Interesting how at this point famvir seems to help and help quickly -- I agree your interpretation of that makes sense that you have a lowered total viral load, but also perhaps your own immune system is better enough that it only needs a little help as opposed to the big guns from before.
 

Dan_USAAZ

Senior Member
Messages
174
Location
Phoenix, AZ
If we look at what cholesterol is used for its to make hormones and cells etc etc so its possible that an increase in cholesterol might be away to help make more hormones and or repair cells etc im sure there is other uses of cholesterol. I think the cholesterol could be a secondary effect of valcyte ie the body doesnt have to repair cells as much so doesnt require as much cholesterol??? Just an educated guess though.

This thread is a little old, but I wanted to add my experience with Valcyte and cholesterol. If I am understanding posts in this thread, it appears some people have reported a lowering of cholesterol while on Valcyte, followed by an increase after discontinuing.

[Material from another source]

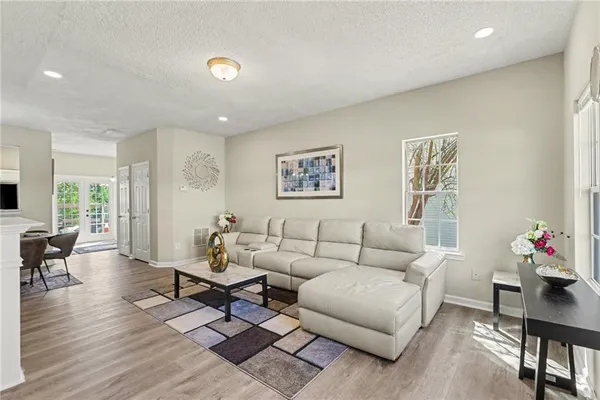 $179,900 | 3604 Ginnis Road, Unit 6, Atlanta, GA 30331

My cholesterol has never tested over 165 and usually sits in the range of 120 – 160 for the last 30 years. I was on Valcyte for 3 years and came off in February (2017). I had my cholesterol checked this last week and it jumped to 207. Not sure what is going on here, but maybe there is a relationship.

My testosterone and estradiol also jumped up as well. If I understand correctly, cholesterol is a precursor to many hormones including these two. I wonder if the jump in cholesterol resulted in the increase in these hormones. Also, excess testosterone could be getting converted to estradiol.

Has anyone learned any more about a possible relationship between Valcyte and cholesterol?